Looking ahead to this next career challenge, Dr Rubin is involved in the study of the pharmacogenomics of pulmonary hypertension, the genetic basis for pharmacologic responses. “Why do some people take diet drugs and develop pulmonary hypertension, why do some people respond to prostacyclin and others don't? Why do others do best with an endothelin blocker or with combination treatment? As part of that direction we're exploring new genetic mechanisms responsible for pulmonary hypertension and trying to identify novel targets that we can go after therapeutically. We've already identified that there are some novel regulatory genes that are abnormal in pulmonary hypertension and that may be targets. This will become an important direction.”
These future therapies will be a quantum leap from the early days of his career when he first saw patients with pulmonary hypertension. Every physician on the ACCP panel and other physicians as well surely remember their first patient who died of pulmonary hypertension, but for Dr Rubin the experience was even more unforgettable because of the bizarre circumstances surrounding the patient's death.
At the time of his residency at Duke University Medical Center, Dr Rubin treated a patient with hydralazine; vasodilators were one of the only therapies available. “He did well for about 2 years but then became sick, developed severe anemia and kidney failure, and he died. We assumed that because he had severe pulmonary hypertension that his death was the final consequence of that.”

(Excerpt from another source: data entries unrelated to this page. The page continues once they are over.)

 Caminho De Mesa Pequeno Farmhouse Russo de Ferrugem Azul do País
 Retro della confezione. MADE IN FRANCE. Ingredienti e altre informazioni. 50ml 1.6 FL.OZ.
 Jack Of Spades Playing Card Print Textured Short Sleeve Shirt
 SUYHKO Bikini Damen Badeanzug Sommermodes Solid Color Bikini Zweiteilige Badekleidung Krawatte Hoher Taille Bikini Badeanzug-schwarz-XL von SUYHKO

About 2 months later, however, Dr Rubin received a call from the North Carolina State Board of Investigations. “They said they had reason to believe the cause of death was not natural and were exhuming the body. They wanted some additional information from me. It turned out that this rural North Carolina farmer owned a piece of land in the path of a planned federal highway, and the government wanted to buy it from him. His wife had visions of a big profit but he did not want to sell. His wife had poisoned him with arsenic. So that was my first patient who we thought had died as a result of pulmonary hypertension, but actually of arsenic poisoning.”

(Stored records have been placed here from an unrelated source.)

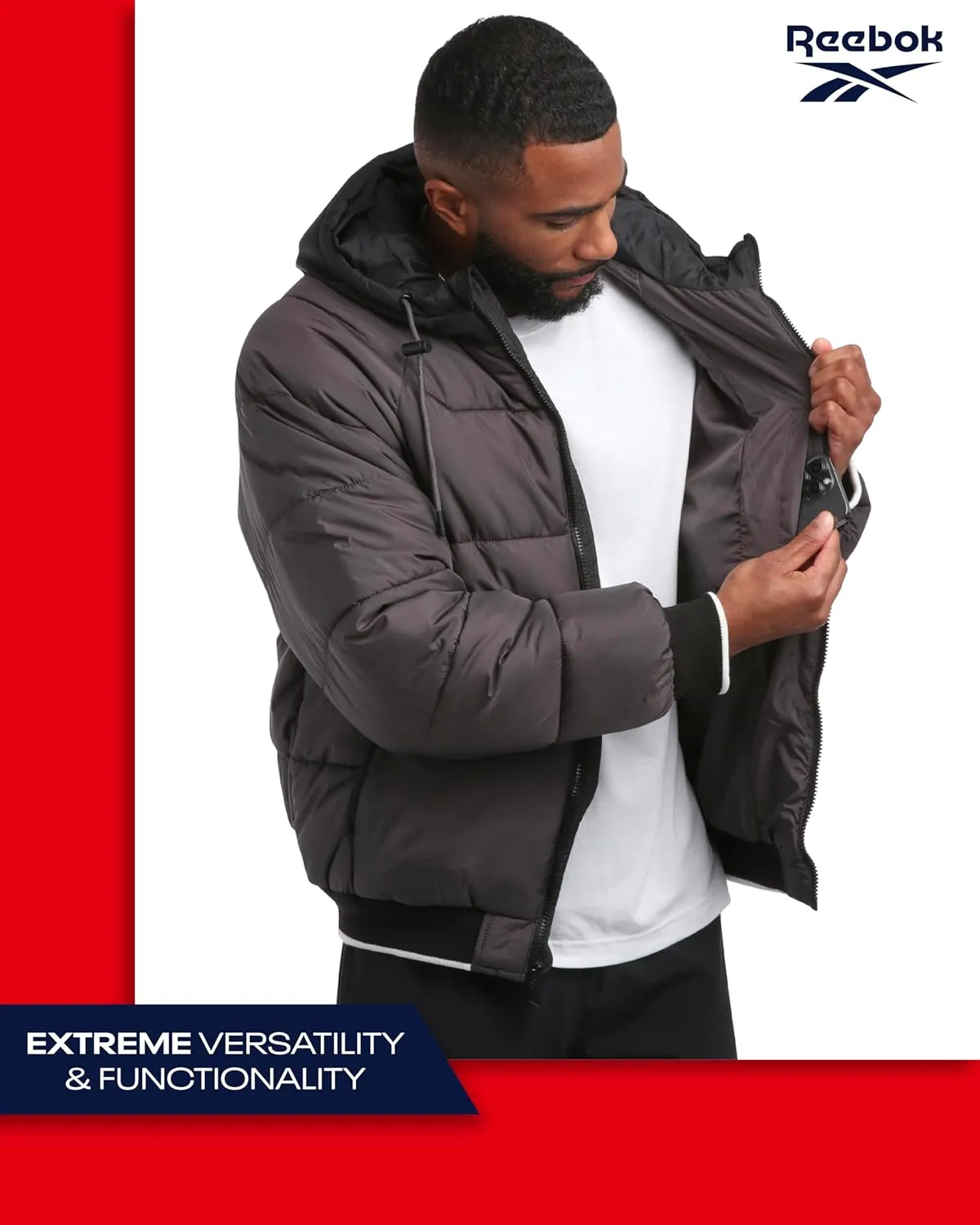 Reebok Men's Puffer Jacket - Heavyweight Weather Resistant Quilted Puffer Coat Rib Cuff - Ski Jackets for Men (Sizes: M-XXL)
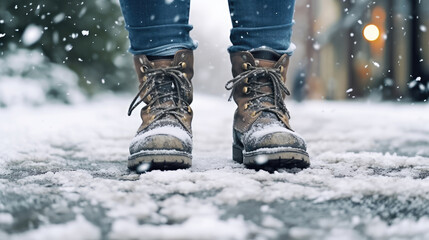  Close-up photo of winter boots on a snowy sidewalk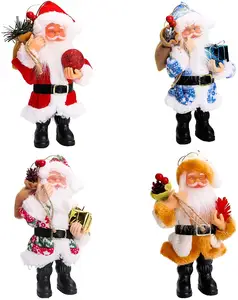 18CM hight Christmas santa with ski Christmas gifts ornament Santa Figurine Decorative Christmas Hanging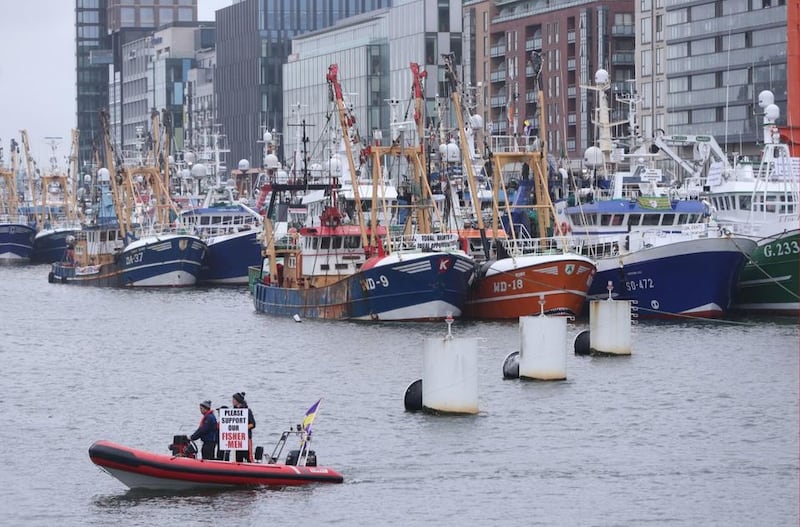 &nbsp;Trawlers from all around the Irish coast gathered outside the Convention Centre in Dublin, where fishermen are protesting over cuts to quotas, the impact of Brexit and the EU Common Fisheries policy. Picture date: Wednesday June 23, 2021.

Coincidentally, Burroughs Wellcome, which had begun developing epoprostenol, had its US offices not far from Duke University and before long, Dr Rubin was immersed in the first clinical trials exploring the role of prostacyclin, an agent that would transform treatment strategies in pulmonary hypertension. Representatives of the company had heard Dr Rubin lecture about pulmonary hypertension and recruited him for their protocol with prostacyclin. Soon afterward, Dr Rubin and colleagues published their first paper on intravenous epoprostenol in pulmonary hypertension. From there numerous other investigations followed as Dr Rubin pursued his research interest for more than 20 years, continuing with work now being done at the University of California, San Diego, where he is Professor of Medicine and Director of the Pulmonary Vascular Center. Prior to that he served as Director of the Division of Pulmonary and Critical Care Medicine.

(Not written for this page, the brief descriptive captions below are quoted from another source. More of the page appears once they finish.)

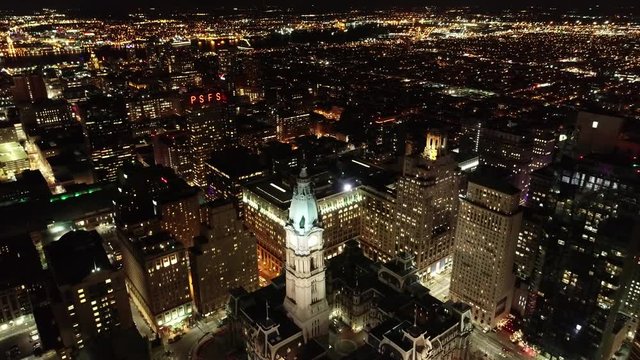 Aerial Video of Center City Philadelphia at Night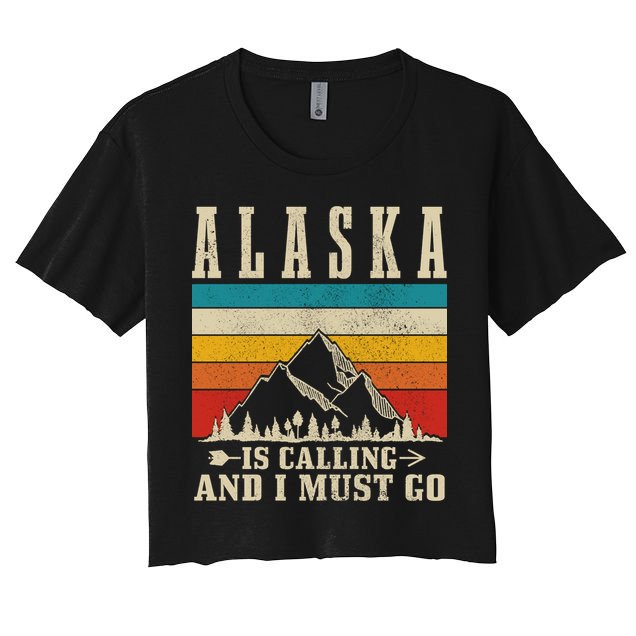 Alaska Is Calling & I Must Go Vintage Mountains Hiking Hiker Crop Top
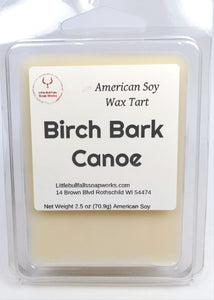 Birch bark canoe soy wax melt. Wax melts for men. Unisex wax tarts made from soy wax by Little Bull Falls Soap Works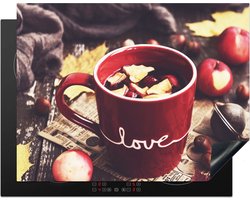KitchenYeah® Inductie beschermer 77x59 cm - Thee - Appel - Cranberry - Kookplaataccessoires - Afdekplaat voor kookplaat - Inductiebeschermer - Inductiemat - Inductieplaat mat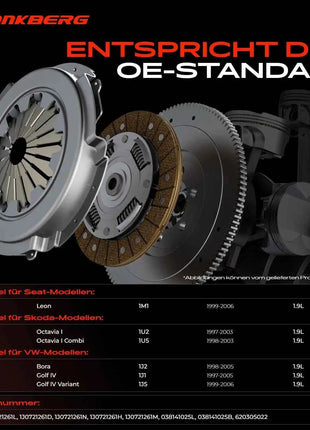 Kit Frizione Frankberg 1x per VW Golf 4 1J1 1J5 Skoda Octavia I Seat Leon 1.9L 1J0721261J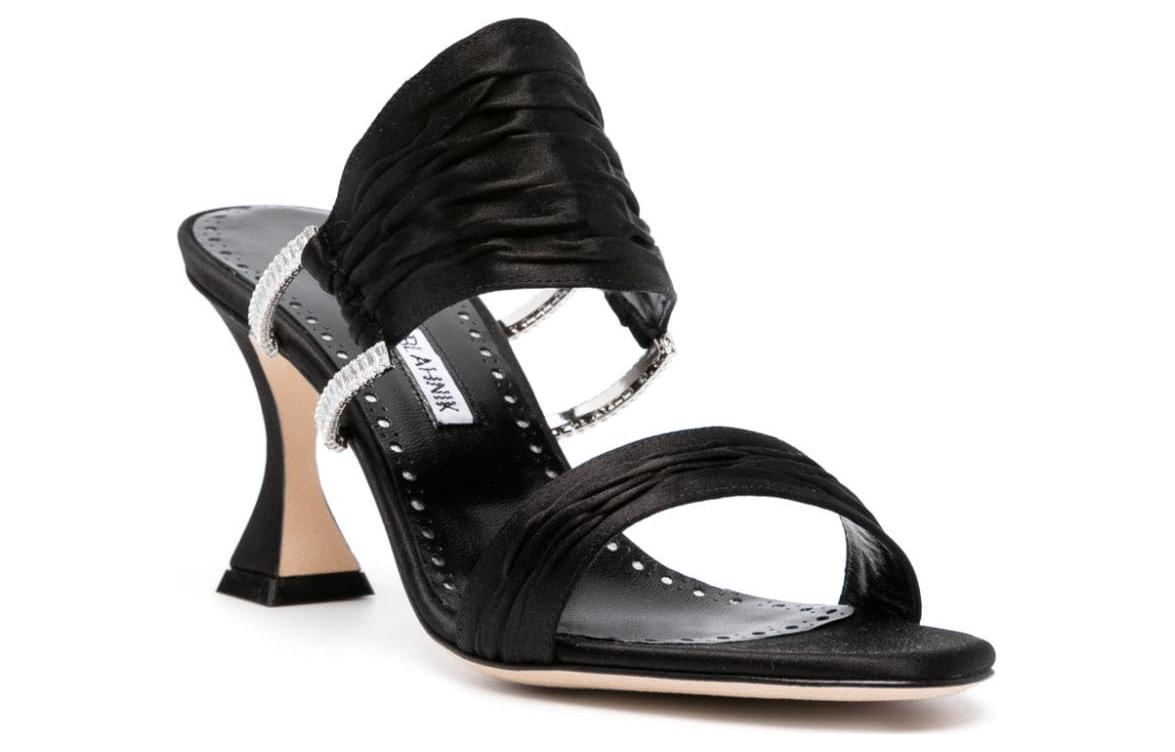 Lookbook (W) Manolo Blahnik Open Toe Leren Muiltjes 7cm ''Zwart'' 323-2506-0015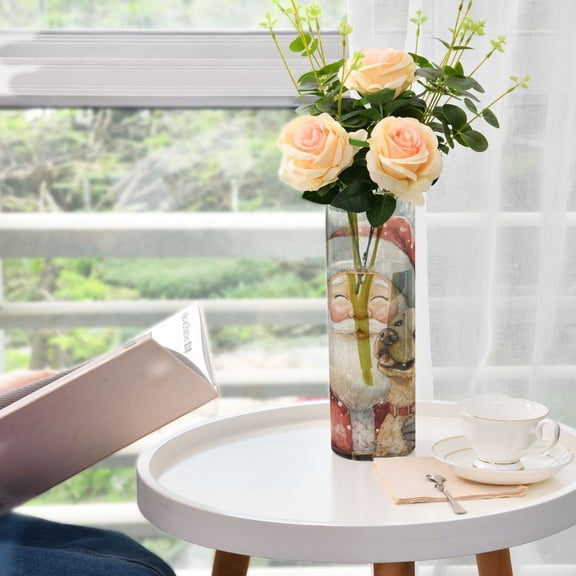 WOBOGO Illustration Of Santa Claus with A Dog Plastic Vase Home or Wedding Decoration Centerpiece Unbreakable 11.8×3.9in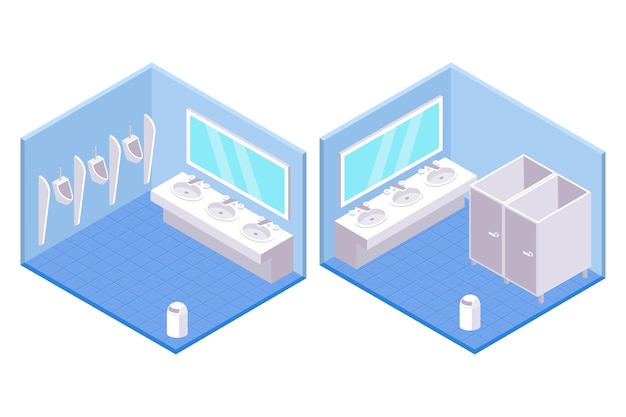 Free vector isometric public toilets for male and female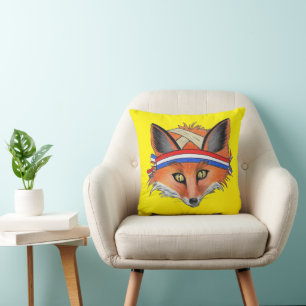 Hipster Red Fox Funny Animal Patriotic Headband Throw Pillow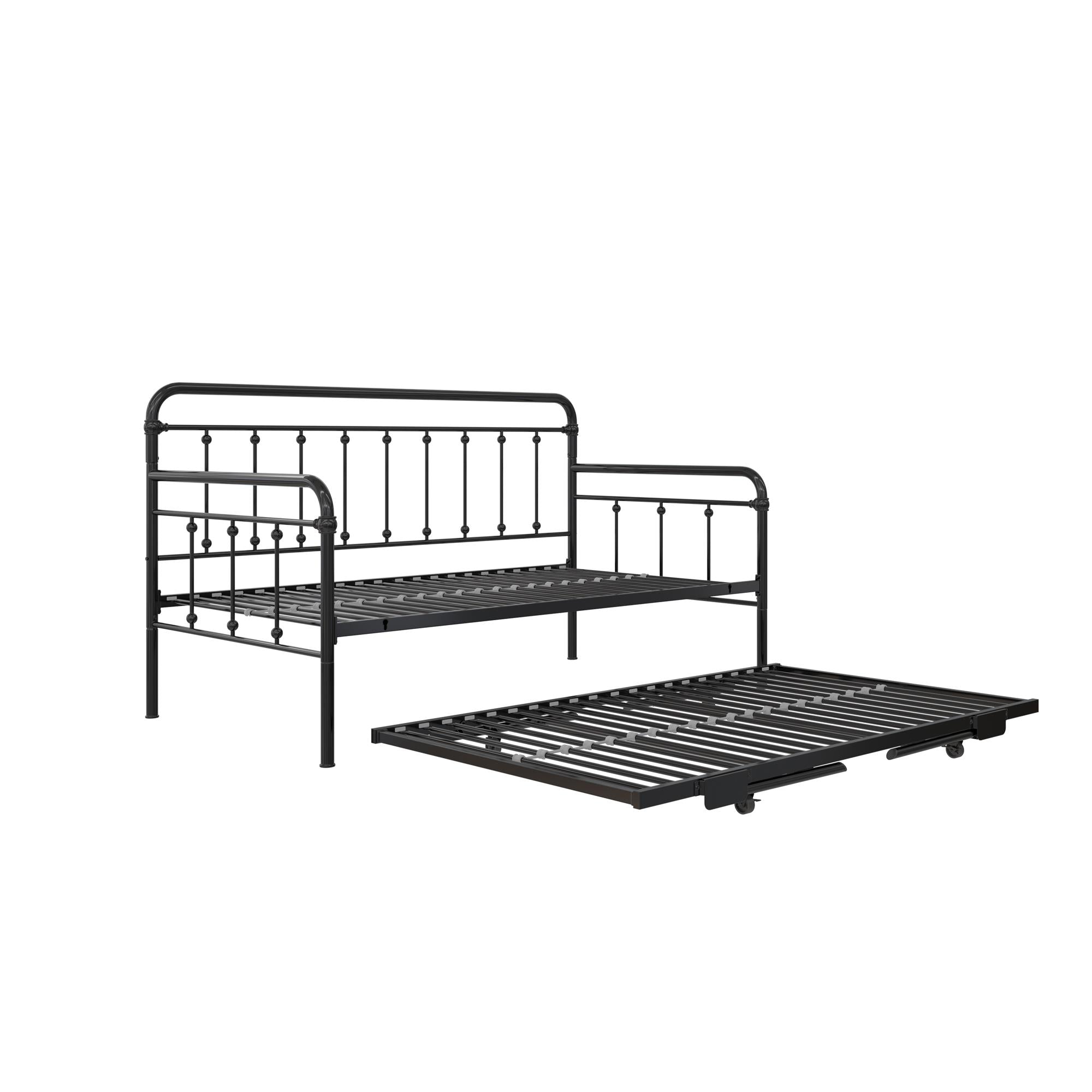 DHP Locky Metal Daybed with Pop Up Trundle - Black - Twin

During the last 10 years, the ACCP has twice turned to him for leadership in establishing guidelines for pulmonary hypertension. Recognizing the dramatic expansion in therapy within the last 10 years, the College issued the new guidelines in a supplement to Chest this year. The 20-member panel received the imprimatur from the ACCP, the American Heart Association, the American College of Cardiology, the American College of Rheumatology, and the Pulmonary Hypertension Association. The charge was to revise guidelines for the diagnosis and treatment of pulmonary hypertension by applying rigorous, evidence-based criteria and Dr Rubin led the effort to assemble international experts whose work is addressed in this issue. Dr Rubin thinks it may be another 5 years before the ACCP considers yet another revision of the guidelines on pulmonary hypertension. When that happens, he will no doubt remain in the forefront of the creation of new evidence-based criteria for treating the disease.